# [Task brief]
Output, exactly as written, the lines below starting at the line containing "Einziehen und wohlfühlen: komplett" and ending at the line containing "Pre Owned صندل". Drop the pictures and keep both end lines.

# [Data]
=====
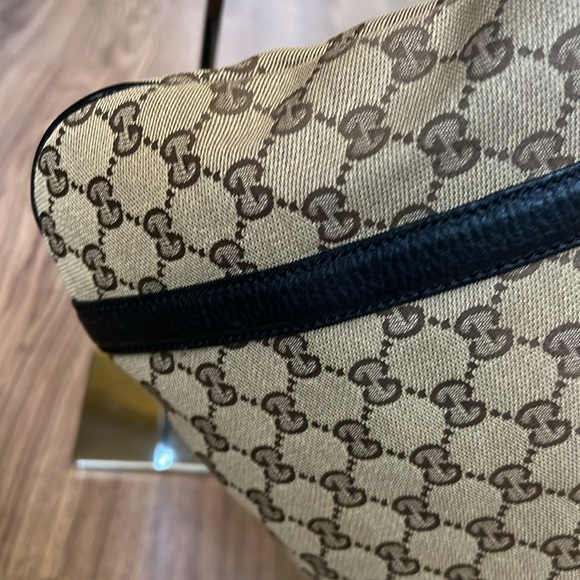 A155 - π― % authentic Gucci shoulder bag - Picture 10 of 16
=====
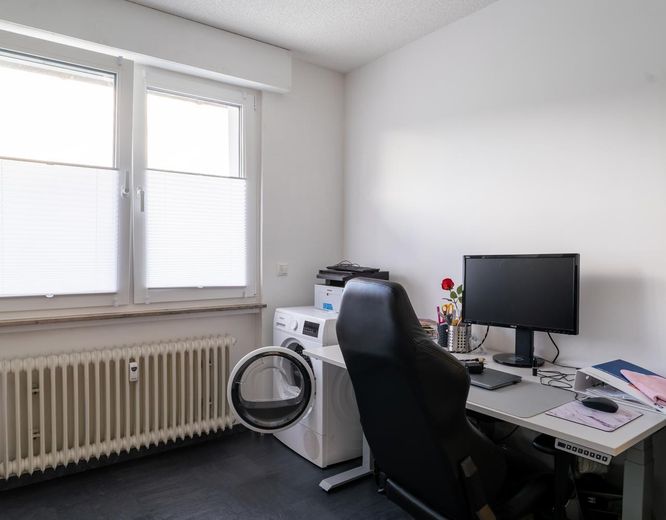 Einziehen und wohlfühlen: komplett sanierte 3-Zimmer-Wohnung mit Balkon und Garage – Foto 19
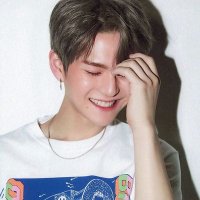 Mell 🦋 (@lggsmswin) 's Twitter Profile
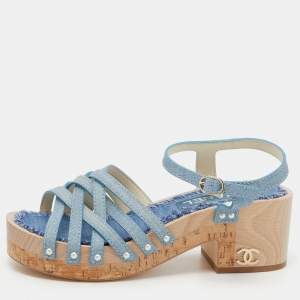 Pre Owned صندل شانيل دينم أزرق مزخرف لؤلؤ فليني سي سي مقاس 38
=====
# [Result]
 Einziehen und wohlfühlen: komplett sanierte 3-Zimmer-Wohnung mit Balkon und Garage – Foto 19
 Mell 🦋 (@lggsmswin) 's Twitter Profile
 Pre Owned صندل شانيل دينم أزرق مزخرف لؤلؤ فليني سي سي مقاس 38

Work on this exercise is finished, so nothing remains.